HOW ARE YOU HEARING? Is it as good as it should be. Are you taking care of your brain? We have all heard the saying, “good things are worth the wait.’ Many people go for years before they will find the courage and take the step toward better hearing. If asked; many will say they are getting by just fine. In reality…they really believe it too. After all, you don’t really know if you are hearing as well as you should be. Often the reason that the person decides to investigate better hearing is because of a spouse or family member.
Why do people wait? Sometimes it is the fear of the unknown.
After all, not many of us want to go to an appointment to get bad news.
Not many of us are thrilled with the idea of having to wear a hearing aid. It’s just one more thing to have to deal with. Once you and your spouse know you have a hearing loss...NOW you must deal with it. There are decisions to made! Some will make a positive decision towards better health and others will bury their heads in the sand. They will do nothing. Nothing for themselves or their loved ones. Nothing. That is why after a hearing test is completed, we will spend the much-needed time to demonstrate what today’s hearing technology sounds like. It may just bring tears to your eyes.
So, what happens if you wait. Your brain starts to go into atrophy.
The auditory part of your brain starts to shrink. Your little “hearing hairs” will become extra sensitive because of lack of stimulation. The problem with this increased sensitivity is that it makes it harder for your brain to accept amplification. The longer you wait the more difficult it is for your brain to identify the sounds properly. Speech may sound funny at first when you correct your hearing loss. It may sound tinny or perhaps even harsh. Wind may seem exceptionally loud. These items can be addressed with the advanced technology of hearing instruments today. However: the brain is a different story.
The individuality of brain equates to different adaption and success rates among hearing instrument wearers. If you think you have had a hearing loss for a ‘few years’, then more than likely it has been around 7 years. If you tell us, you have had hearing problems for probably 15 years...OMG!! THAT IS AN ETERNITY!! What I mean to say... calmly...
It takes the average brain 6 - 8 months of wearing a hearing instrument to say that the sounds are “normal/natural.” This is based on a study back in the 1990’s by AARP. (And a wearing schedule of 14 hours per day). This is not the amount of time that it takes you adapt to the hearing instruments and to appreciate them. It is just the brain getting used to what sounds and speech really sound like.
Do you have a hearing loss? Do others tell you that you should get your hearing checked? If you are not understanding speech, then you are probably missing some of the high frequencies in which the consonants exist. So, what else are you not hearing properly? Perhaps the blinker in your car. Silverware sounds. Machine noises like the refrigerator. The newspaper when you turn the pages. Your feet as you walk across the floor. Carpet and tile have different sounds that you should be able to hear if your hearing is normal. How about the sound while you are brushing your teeth.
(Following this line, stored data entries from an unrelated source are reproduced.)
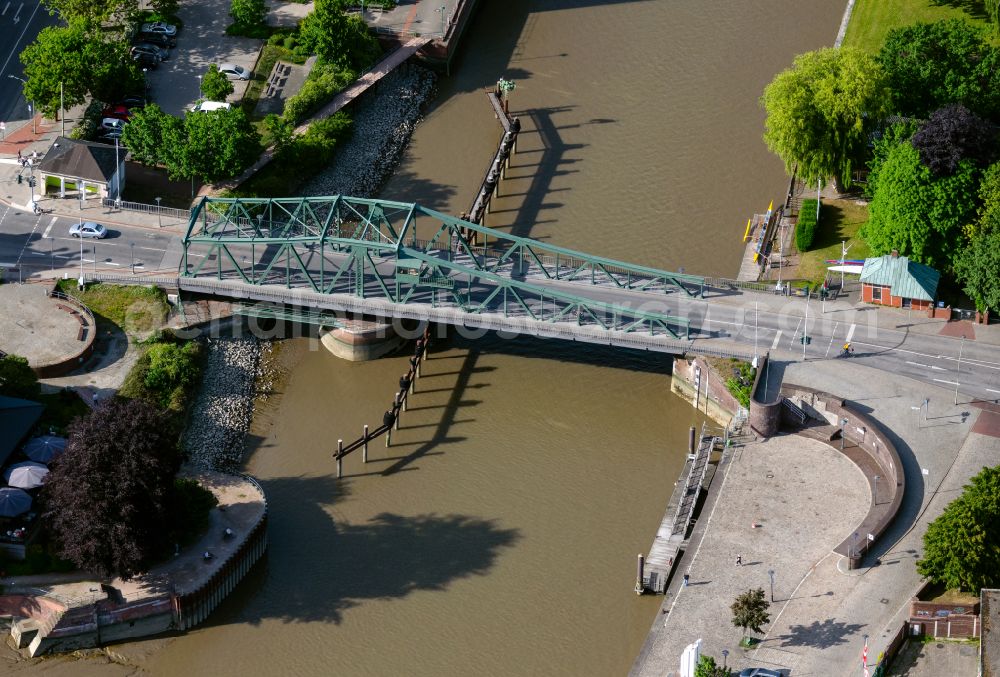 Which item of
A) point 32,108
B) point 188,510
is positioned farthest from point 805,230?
point 32,108

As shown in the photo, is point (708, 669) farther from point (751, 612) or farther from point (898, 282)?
point (898, 282)

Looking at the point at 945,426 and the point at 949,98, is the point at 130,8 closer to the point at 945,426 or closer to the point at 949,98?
the point at 949,98

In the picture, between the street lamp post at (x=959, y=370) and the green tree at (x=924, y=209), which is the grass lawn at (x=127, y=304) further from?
the street lamp post at (x=959, y=370)

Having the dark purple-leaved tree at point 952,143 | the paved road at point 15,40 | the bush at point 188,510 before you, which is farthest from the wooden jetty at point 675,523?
the paved road at point 15,40

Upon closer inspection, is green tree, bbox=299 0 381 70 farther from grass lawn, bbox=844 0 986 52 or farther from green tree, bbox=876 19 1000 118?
green tree, bbox=876 19 1000 118

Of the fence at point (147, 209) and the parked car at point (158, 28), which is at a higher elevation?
the parked car at point (158, 28) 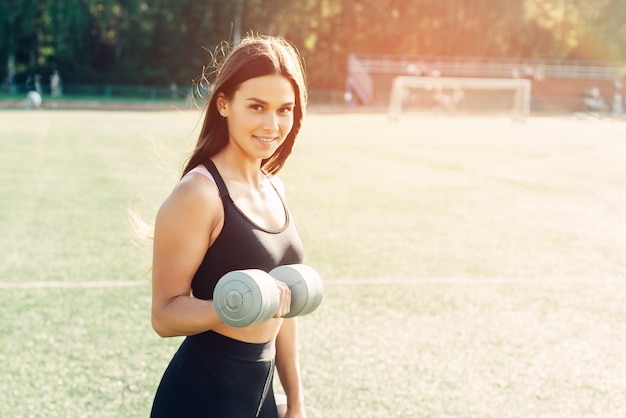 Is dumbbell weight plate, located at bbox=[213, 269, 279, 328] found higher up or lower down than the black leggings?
higher up

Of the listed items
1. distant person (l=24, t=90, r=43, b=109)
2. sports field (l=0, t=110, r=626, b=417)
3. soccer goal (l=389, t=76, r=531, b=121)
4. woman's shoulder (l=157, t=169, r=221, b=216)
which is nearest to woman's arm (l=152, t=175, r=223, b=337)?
woman's shoulder (l=157, t=169, r=221, b=216)

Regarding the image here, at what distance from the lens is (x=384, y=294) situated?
675 centimetres

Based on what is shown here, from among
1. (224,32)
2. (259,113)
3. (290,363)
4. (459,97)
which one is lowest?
(459,97)

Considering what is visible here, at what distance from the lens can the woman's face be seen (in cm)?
266

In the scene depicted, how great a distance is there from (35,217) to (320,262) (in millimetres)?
4451

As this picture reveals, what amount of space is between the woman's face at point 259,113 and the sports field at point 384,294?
0.42 meters

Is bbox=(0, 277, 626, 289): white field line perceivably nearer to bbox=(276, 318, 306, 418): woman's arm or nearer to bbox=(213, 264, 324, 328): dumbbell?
bbox=(276, 318, 306, 418): woman's arm

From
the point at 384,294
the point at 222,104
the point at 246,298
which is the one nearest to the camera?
the point at 246,298

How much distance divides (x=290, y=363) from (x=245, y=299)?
1.02 metres

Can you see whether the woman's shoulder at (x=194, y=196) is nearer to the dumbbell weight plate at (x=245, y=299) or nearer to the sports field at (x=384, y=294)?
the dumbbell weight plate at (x=245, y=299)

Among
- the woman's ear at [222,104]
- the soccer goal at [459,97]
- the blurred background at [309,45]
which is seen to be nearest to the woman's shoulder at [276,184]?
the woman's ear at [222,104]

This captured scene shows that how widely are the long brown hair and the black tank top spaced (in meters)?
0.12

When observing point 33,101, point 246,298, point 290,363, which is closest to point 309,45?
point 33,101

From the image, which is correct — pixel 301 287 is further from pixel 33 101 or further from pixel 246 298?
pixel 33 101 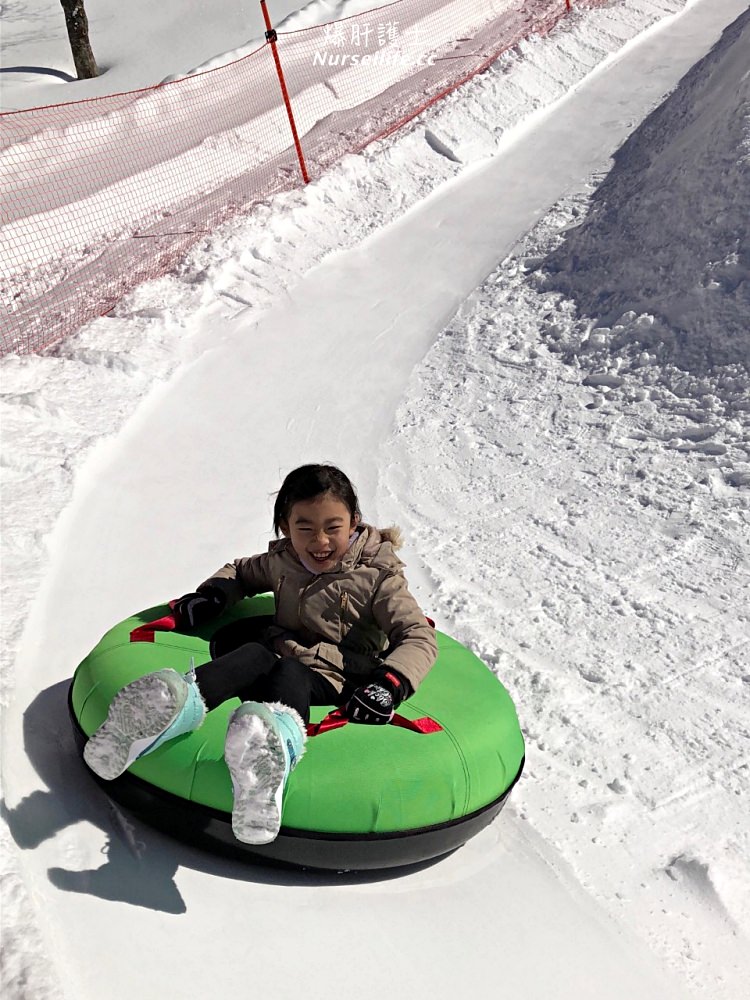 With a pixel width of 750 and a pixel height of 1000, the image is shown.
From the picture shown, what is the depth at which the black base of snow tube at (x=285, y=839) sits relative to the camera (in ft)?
10.2

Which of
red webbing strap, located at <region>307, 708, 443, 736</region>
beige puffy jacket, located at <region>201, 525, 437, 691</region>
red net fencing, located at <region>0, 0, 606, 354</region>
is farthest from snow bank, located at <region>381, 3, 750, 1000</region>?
red net fencing, located at <region>0, 0, 606, 354</region>

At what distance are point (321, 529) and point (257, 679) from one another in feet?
1.73

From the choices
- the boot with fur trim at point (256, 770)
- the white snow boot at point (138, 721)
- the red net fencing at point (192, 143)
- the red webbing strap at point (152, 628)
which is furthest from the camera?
the red net fencing at point (192, 143)

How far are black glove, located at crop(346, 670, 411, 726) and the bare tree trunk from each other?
13.5m

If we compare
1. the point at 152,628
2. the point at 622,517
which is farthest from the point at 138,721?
the point at 622,517

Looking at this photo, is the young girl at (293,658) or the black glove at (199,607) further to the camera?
the black glove at (199,607)

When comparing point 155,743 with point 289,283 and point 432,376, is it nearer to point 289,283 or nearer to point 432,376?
point 432,376

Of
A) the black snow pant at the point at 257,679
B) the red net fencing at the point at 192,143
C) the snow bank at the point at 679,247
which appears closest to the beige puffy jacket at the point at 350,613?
the black snow pant at the point at 257,679

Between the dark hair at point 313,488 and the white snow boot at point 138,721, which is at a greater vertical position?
the dark hair at point 313,488

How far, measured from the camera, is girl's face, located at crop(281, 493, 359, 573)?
351 cm

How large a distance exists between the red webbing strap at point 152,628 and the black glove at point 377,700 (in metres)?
0.77

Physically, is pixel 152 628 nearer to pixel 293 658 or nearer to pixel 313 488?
pixel 293 658

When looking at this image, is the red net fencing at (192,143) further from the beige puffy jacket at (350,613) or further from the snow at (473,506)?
the beige puffy jacket at (350,613)

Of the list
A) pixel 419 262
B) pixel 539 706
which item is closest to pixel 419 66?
pixel 419 262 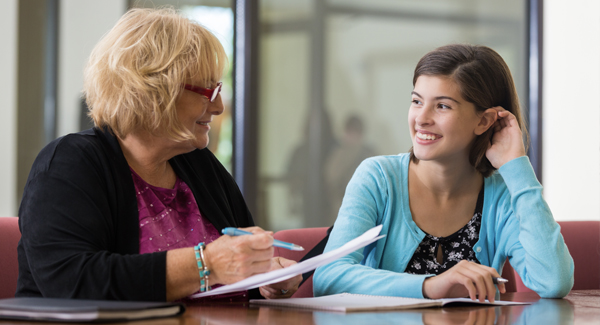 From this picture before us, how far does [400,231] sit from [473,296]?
477 mm

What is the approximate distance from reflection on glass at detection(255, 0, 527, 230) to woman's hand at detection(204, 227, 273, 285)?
2.48m

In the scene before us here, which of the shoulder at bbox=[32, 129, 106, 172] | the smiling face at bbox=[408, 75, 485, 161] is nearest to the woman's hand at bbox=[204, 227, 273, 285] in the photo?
the shoulder at bbox=[32, 129, 106, 172]

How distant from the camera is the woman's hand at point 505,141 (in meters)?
1.72

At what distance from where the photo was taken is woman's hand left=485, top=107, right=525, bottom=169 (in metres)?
1.72

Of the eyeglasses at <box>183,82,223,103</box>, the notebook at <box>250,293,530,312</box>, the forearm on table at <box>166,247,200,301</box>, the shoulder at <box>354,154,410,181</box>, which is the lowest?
the notebook at <box>250,293,530,312</box>

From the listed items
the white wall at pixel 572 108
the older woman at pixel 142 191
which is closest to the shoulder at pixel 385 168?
the older woman at pixel 142 191

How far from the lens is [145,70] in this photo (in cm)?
137

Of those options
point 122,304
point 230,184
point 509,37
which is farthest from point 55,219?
point 509,37

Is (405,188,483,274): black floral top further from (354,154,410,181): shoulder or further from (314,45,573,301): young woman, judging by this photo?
(354,154,410,181): shoulder

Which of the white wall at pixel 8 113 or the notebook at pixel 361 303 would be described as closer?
the notebook at pixel 361 303

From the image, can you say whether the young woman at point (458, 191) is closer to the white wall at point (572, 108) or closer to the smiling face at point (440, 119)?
the smiling face at point (440, 119)

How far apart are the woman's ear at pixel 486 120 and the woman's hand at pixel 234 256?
0.92m

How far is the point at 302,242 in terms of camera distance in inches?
71.4

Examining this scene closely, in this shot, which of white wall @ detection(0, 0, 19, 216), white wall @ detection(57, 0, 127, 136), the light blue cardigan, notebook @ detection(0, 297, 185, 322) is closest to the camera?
notebook @ detection(0, 297, 185, 322) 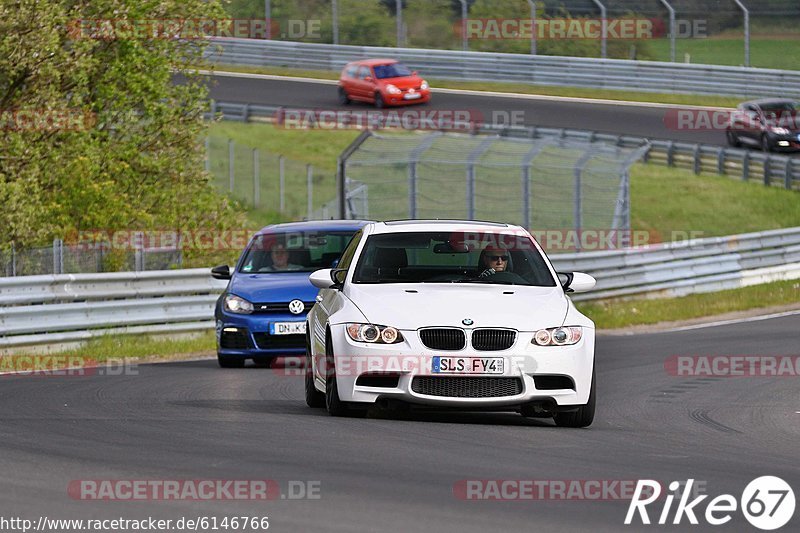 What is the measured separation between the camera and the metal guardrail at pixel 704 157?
39.8m

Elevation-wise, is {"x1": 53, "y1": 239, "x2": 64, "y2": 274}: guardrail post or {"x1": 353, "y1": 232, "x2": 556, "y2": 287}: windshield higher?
{"x1": 353, "y1": 232, "x2": 556, "y2": 287}: windshield

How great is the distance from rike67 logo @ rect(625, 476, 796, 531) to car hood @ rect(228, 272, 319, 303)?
8509mm

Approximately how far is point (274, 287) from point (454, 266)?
506 cm

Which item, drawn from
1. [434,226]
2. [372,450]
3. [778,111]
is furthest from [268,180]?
[372,450]

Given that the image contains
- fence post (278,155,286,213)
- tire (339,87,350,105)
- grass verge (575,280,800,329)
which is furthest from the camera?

If shouldn’t be soft. How about your car running. Newer cars are quiet; but you should still be able to hear it. My goodness, if you pull into your garage and forget to turn off the engine because you didn’t hear it running, you could kill yourself or someone else in the home.
If you wait long enough to correct your hearing loss you may wait too long. You know the saying; “if you don’t use it, you lose it.” This is so very true. I don’t know of anything that gets better without practice and activity. Your brain needs activity. Your brain needs practice at hearing and communication. Your brain needs auditory stimulation at the proper intensity. Your brain improves with constant stimulation.
Now, I have your attention. So, you jump to it and get a hearing test and hearing instruments. This is where the fun starts for all involved. I mean that sincerely. It really is fun and rewarding to help people get their lives back. Most importantly we try to make it fun for you as well. Some of the best advice that I can give to patients is to enjoy the sounds of hearing. It took a long time for you to get the hearing loss (hopefully) and a long time for you to do anything about it. Therefore, you must give yourself time. Time for you brain to adapt. Time for us to gather data from your hearing loss on the speech and noise signals in your life. Time for you and us to learn what YOU need and what you can accept. Don’t give up. Remember the AARP study mentioned earlier. (6-8 months at 14-hour days for most people’s brain to adapt hearing instruments). While this seems like a long time...we all know it really isn’t. It’s not like we fit you with the hearing instruments and turn you lose. It’s an adjustment period. What bugs you for the first few weeks won’t even be remembered in 9 or 10 months. “Good things are worth the wait!”
Don’t live in your own quiet little bubble. If you wear hearing instruments…give yourself and your brain time to adapt to all the beautiful sounds in your busy world. If you are having difficulties adapting, it will get better. It takes time. Everyone’s time frame for adjustment is different depending upon technology, personal history, and hearing loss level. Take the necessary steps! To Hear Better Is to Live Better!